The muddled property ownership situation in the southern Caribbean coast has attracted the interest of lawyers, researchers and filmmakers, and they are launching a storytelling project and beginning to collect footage for an interactive documentary, they said.
It’s called The Rich Coast Project, a play on the English translation of Costa Rica.
The participants are aware that the Gandoca Manzanillo national wildlife refuge and the maritime zone law jeopardize the homes of many long-time residents in the area.
The project is timely because there are bills working their way through the legislature that may transform the area. Residents met Friday to discuss these proposals.
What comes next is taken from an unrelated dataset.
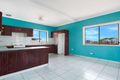 Property photo of 27 Sheffield Street Cringila NSW 2502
The founder of the project is Katherine A. Beck, a Northeastern University School of Law graduate, who also attended Universidad de Costa Rica for a semester where she studied the Caribbean coast land situation, according to the project’s Web site.
The southern Caribbean coast has been largely ignored during most of Costa Rica’s modern history. Many of the residents have Afro-Caribbean roots and lack official titles to their homes and other property. This lifestyle is being challenged by tourism and arriving expats as well as foreign investors.
Ms. Beck and her colleagues said that the project has set up Sunday a crowdsourcing campaign on Indigogo. It seeks $37,000 in donations.
“The effects of unstable land tenure and stunted economic development are pervasive: opportunity for personal advancement is increasingly limited, and many young people must leave their homes and families to pursue education and
employment,” according to the project.
“Homes and businesses have been threatened with demolition orders, and residents have faced criminal charges for pursuing better lives for their families.
“These communities face losing their lands, their culture, and their very history. Conscious of these challenges, residents are working hard to protect their rights and reinforce their cultural traditions while seeking a more balanced approach to the government’s regulation of their natural resources.”
President Laura Chinchilla stopped much of the demolitions temporarily with a presidential decree. But two major hotels already had been destroyed. A law that would have helped residents gain clear title to their properties has been declared unconstitutional.
The project Web site lists Edwin Patterson Bent, a well-known local politician and a lifelong resident of Puerto Viejo, as an adviser. Also listed is Kyle K. Courtney, a Harvard University and Northeastern University faculty member and a lawyer.
Boston area students will participate in the project with research and by maintaining archives, said the announcement.
Ms. Beck said that the goal of the project is to use creative advocacy to build the case for keeping the local people on their land, showing that not only is it the right and just thing to do, it will also produce better results for the people and the environment.